CHINAHOY

28-June-2016

Chen Jiashun, le cadre 24/24, 7/7

 

Chen Jiashun apprend aux personnes âgées isolées à se servir d'un téléphone mobile.

 

DANG XIAOFEI, membre de la rédaction

 

Avant de prendre les fonctions du directeur général adjoint du bureau des ressources humaines et de la sécurité sociale de la ville de Qujing dans le Yunnan, Chen Jiashun, a à plusieurs reprises essayé de travailler dans les entreprises à titre de travailleur migrant. Il a travaillé dans des entrepôts, été magasinier, et même éleveur de cochons. Il s'occupait de trouver des emplois pour les paysans travailleurs, eux aussi venus de Qujing, et de résoudre les litiges entre eux et leur employeur.

 

Vivre l'expérience personnellement

 

« Travailleur migrant ce n'est pas une profession, et ce n'est pas non plus une passion », commence par nous confier Chen Jiashun.

 

Au début des années 2000, en raison du chômage dans la région, le district de Zhanyi dépendant de la ville de Qujing a vu dans l'exportation de la main-d'œuvre le pilier de l'économie locale. Directeur adjoint du bureau des ressources humaines et de la sécurité sociale du district d'alors, Chen Jiashun a mené sept groupes de travailleurs dans la région de Guangzhou pour y travailler. Pourtant, 80 % d'entre eux sont retournés dans leur région natale par la suite. Pour bien connaître les conditions de travail et de vie des travailleurs migrants, Chen Jiashun s'est fait engagé dans cinq entreprises différentes.

 

En septembre 2008, il a postulé dans la plus grande société d'élevage porcin de Yiwu, dans le Zhejiang. Il a été affecté au poste le plus dur et le plus sale de la ferme : celui de s'occuper des cochons malades.
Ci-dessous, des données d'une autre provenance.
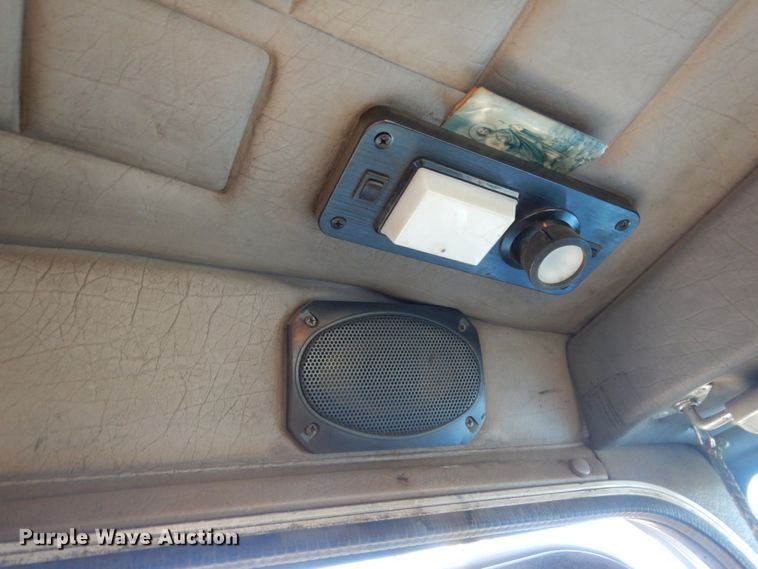 image for item DJ8193 2005 Peterbilt 379  dump truck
Tous les jours, il commençait par nettoyer le fumier de cochon, puis enlever les cochons morts.

 

Même avec un masque il avait toujours l'impression d'être intoxiqué par l'odeur des cadavres morts qui l'écœuraient souvent au point d'en vomir et d'en perdre l'appétit. Mais il n'a pas renoncé ni reculé : « Au bout d'un moment, je me suis rendu compte que cette tâche n'était pas très longue ni fatiguante et que le revenu était plutôt stable. Parfait pour des travailleurs migrants âgés, sans qualification, mais désireux d'avoir un revenu stable. » C'est ainsi qu'il a recommandé 14 couples âgés à cette ferme.

 

En cinq ans, il a visité et pris contact avec plus de 680 entreprises pour y envoyer près de 10 000 travailleurs migrants. Le taux de non-retour dans les campagnes est passé à moins de 5 % contre 20 % initialement.

 

Défenseur des intérêts des travailleurs migrants

 

Pendant son séjour à Yiwu auprès des travailleurs migrants, Chen Jiashun les a aidés à résoudre un millier de litiges, et à éviter la perte d'environ deux millions de yuans au total. À l'époque, à Yiwu, « si tu as un problème, va chercher Chen Jiashun » était devenue une expression parmi les travailleurs migrants. « 24h/24, 7jours/7 » était la devise de Chen Jia-shun.

 

Une fois, des villageoises du district de Zhanyi, Feng Shui'e et Ding Donghua, ont démissionné de leurs postes dans une fabrique de confection de Yiwu trois mois après leur embauche. L'usine ne voulait pas payer leur salaire en entier. Chen Jia-shun est alors allé à l'usine et a trouvé le directeur. Mais ce dernier avait fait venir une bande de cerbères pour l'intimider. Chen Jiashun a réussi à les convaincre grâce à des arguments défiant toute contestation : « Ce salaire est la contrepartie de leurs efforts fournis. Elles doivent être payées. » Finalement, l'usine a payé leurs salaires : 3700 yuans tout rond.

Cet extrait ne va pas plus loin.